In this tutorial we'll build a small resource monitor to do just that:

  1. Polls a system for resource usage
  2. Saves the output in a QuestDB instance
  3. Display the output Grafana in realtime

We'll also see how we can use the resulting time series to correlate with other events such as running a particular bit of code. By the end, you'll have a solid template that deepens your understand of both resource monitoring and analysis and the code/resource relationship.

Setup

To reproduce examples in this tutorial, you need

  • A running instance of QuestDB
  • A running instance of Grafana
  • Sample data. In this case, we'll use psutil to generate data about local ressource usage (CPU, Ram) within a Python script.

Generate data with psutil

In this article, we'll use Python.

It's clear and readable, and the basics apply to many other languages.

The psutil library will raise information about local resource usage.
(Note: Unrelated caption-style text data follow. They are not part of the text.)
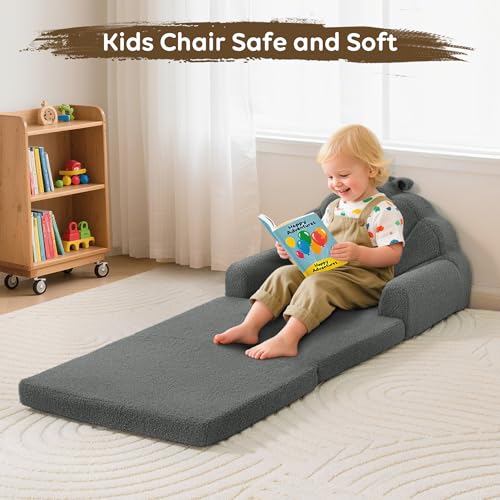 Convertible Kids Foam Sofa - 2-in-1 Fold Out Chair for Play and Reading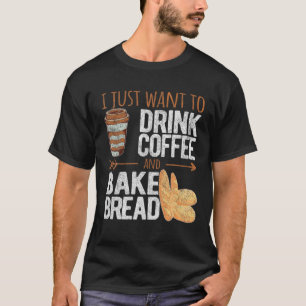 Camiseta Bebida divertida Café Pan de pan Baker Retro V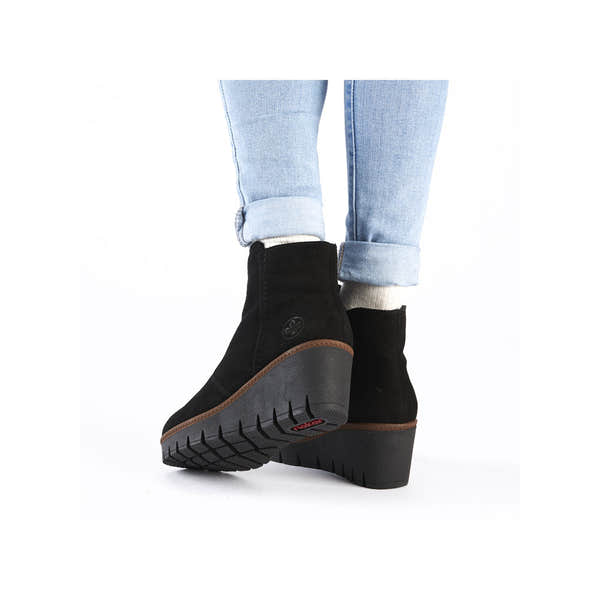 Rieker Y5065-00 Ladies Black Suede Side Zip Ankle Boots-elevate your sole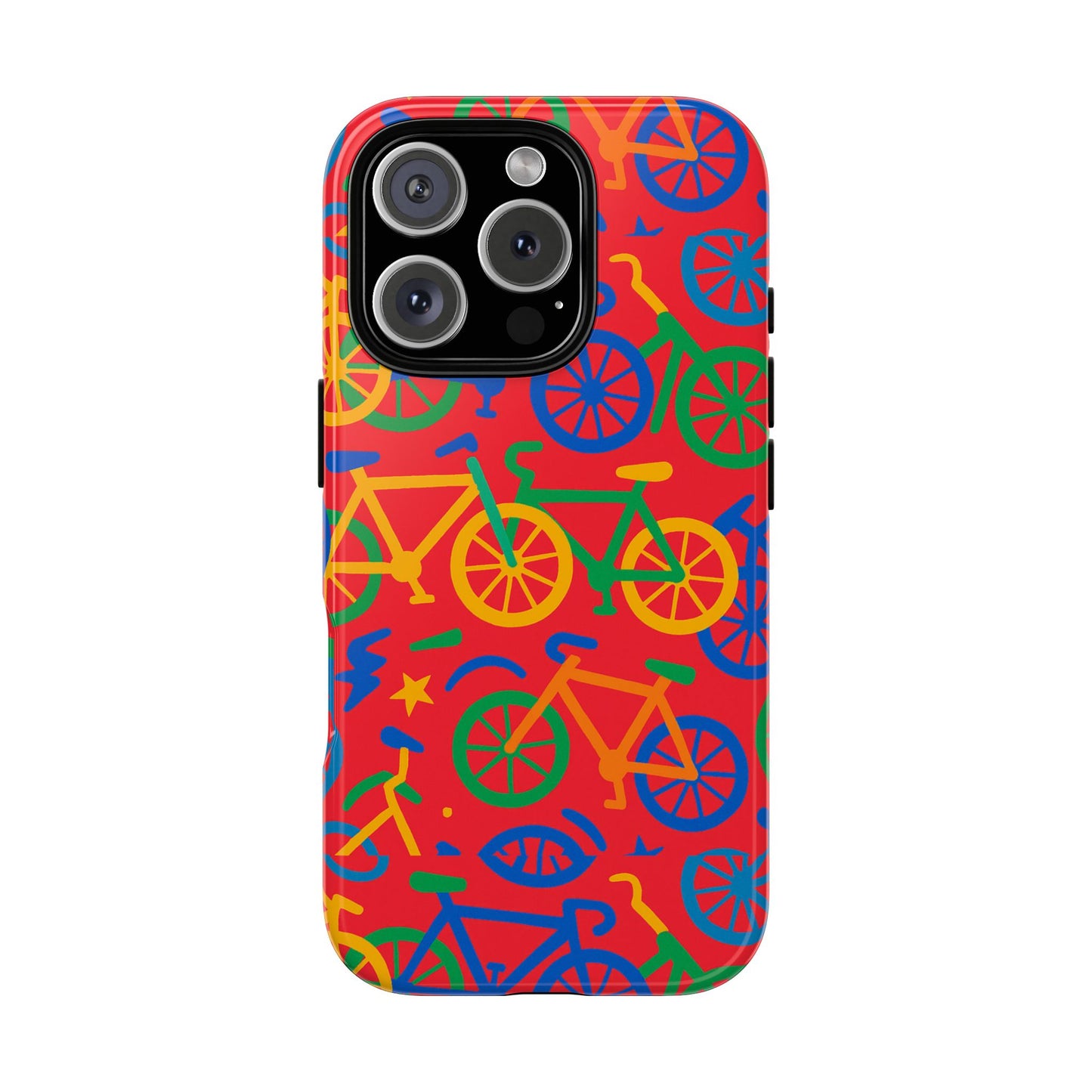 vibrant 3d bicycle pattern protective phone case in colourful retro design for stylish protection compatible with iphone 13, 14, 15 & 16 – all models including pro, pro max & plus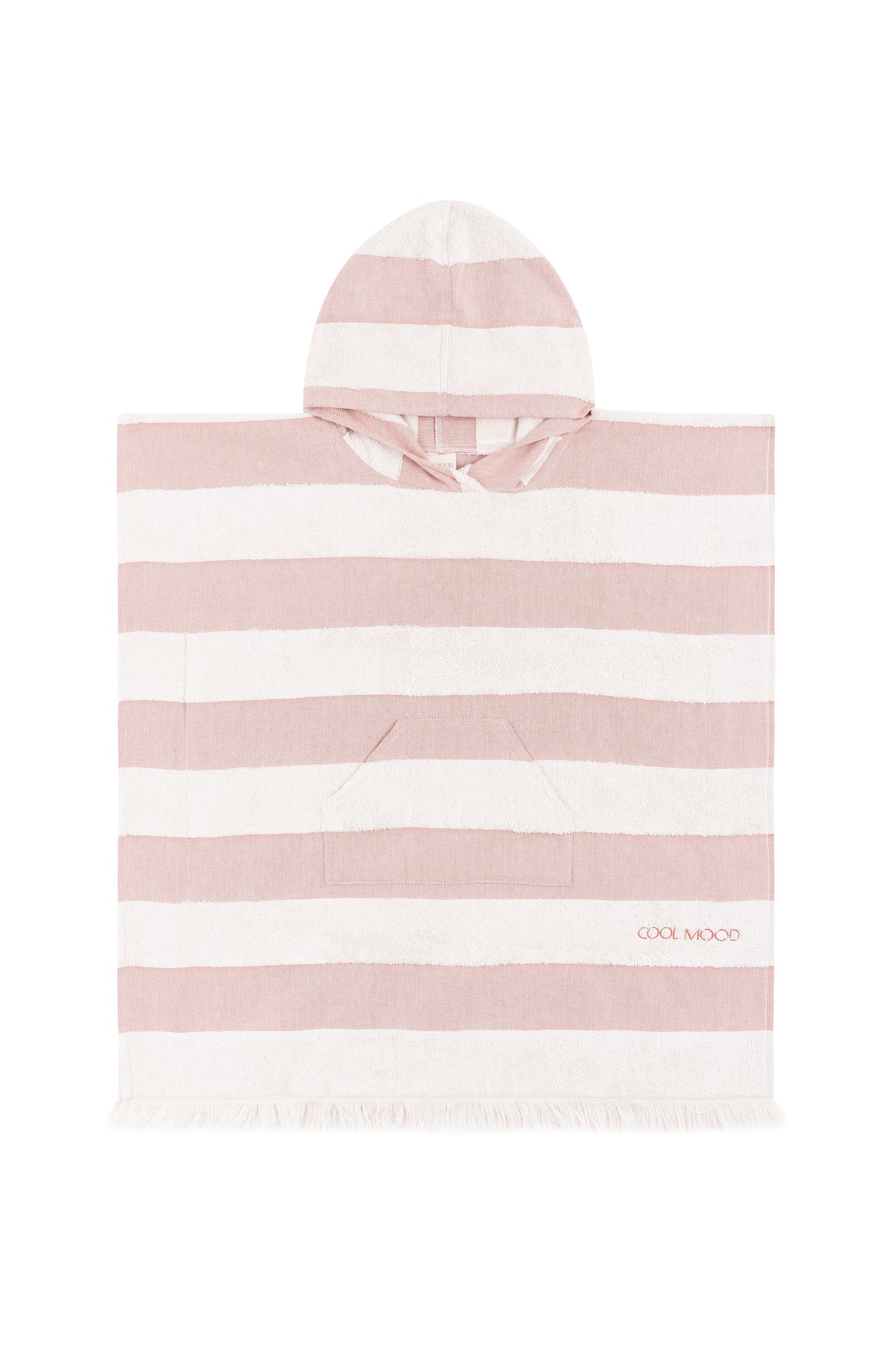 Kids Beach Poncho in rust shade, with soft terry stripes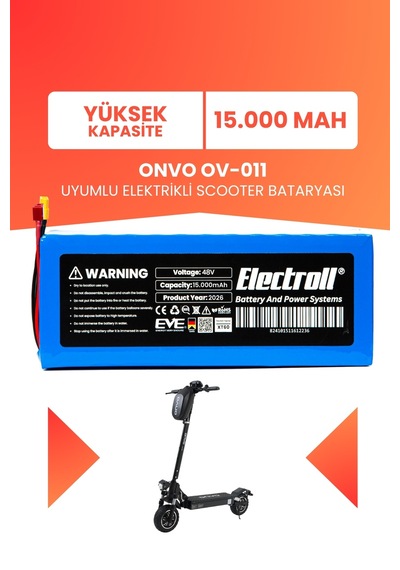 Onvo Ov-011 Uyumlu Batarya Yüksek Kapasite Batarya 48v 15ah Pil Elektrikli Scooter Bataryası Mavi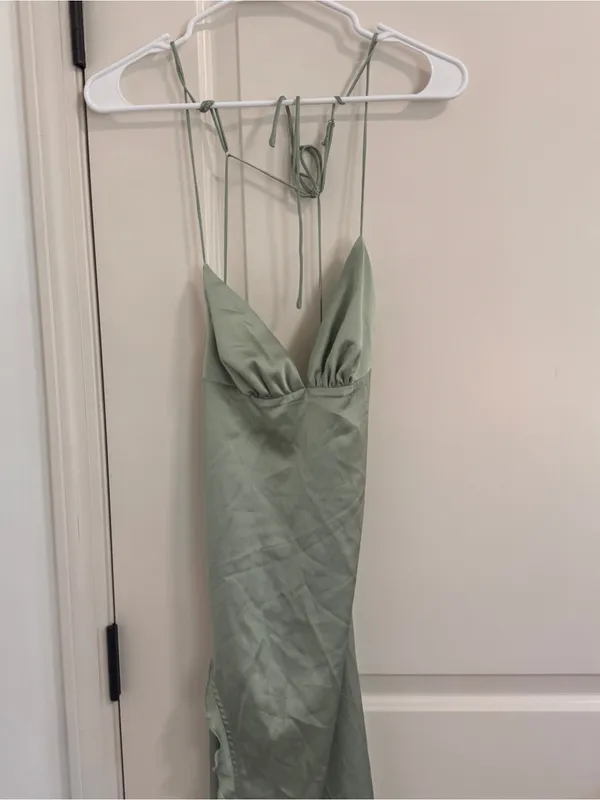 Lucy in the Sky Sage Green Ruffle-Slit Slip Maxi Dress - Image 4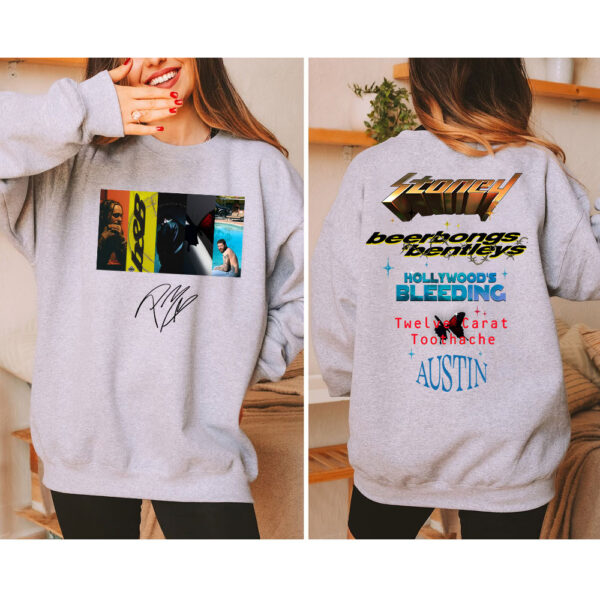 Post Malone Album Signature Sweatshirt Hoodie T-Shirt 2 Side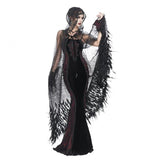 Sheer Beaded Long Cloak with Feather Trim - Black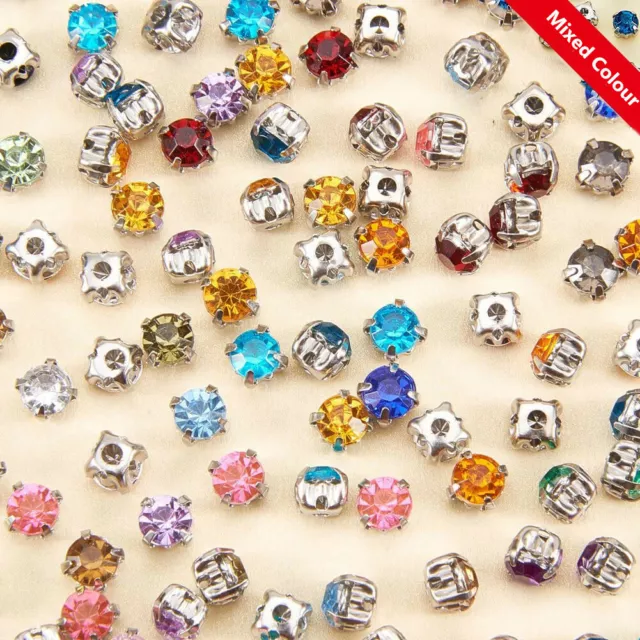 Aufnähen Acryl Strass Montee Fünf-Loch Perlen mit Messingbasis gemischte Farbe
It performs a variety of functions to get resource information, including looking at and even managing system related process.. We can put its features into two main buckets: (1) system monitoring and (2) process management:

  • System monitoring:

    • Monitor resource utilization like CPU, memory, disks, network, sensors and so on
    • Retrieve system uptime and boot time
    • Access information about system users, battery status, and disk partitions
  • Process management:

    • System process infomoration, such as their ID, name, status & CPU/memory usage
    • Control processes; terminate or kill them
    • List active processes or search for specific ones

The utility will generate data for us.

We'll start with CPU and RAM - the basics.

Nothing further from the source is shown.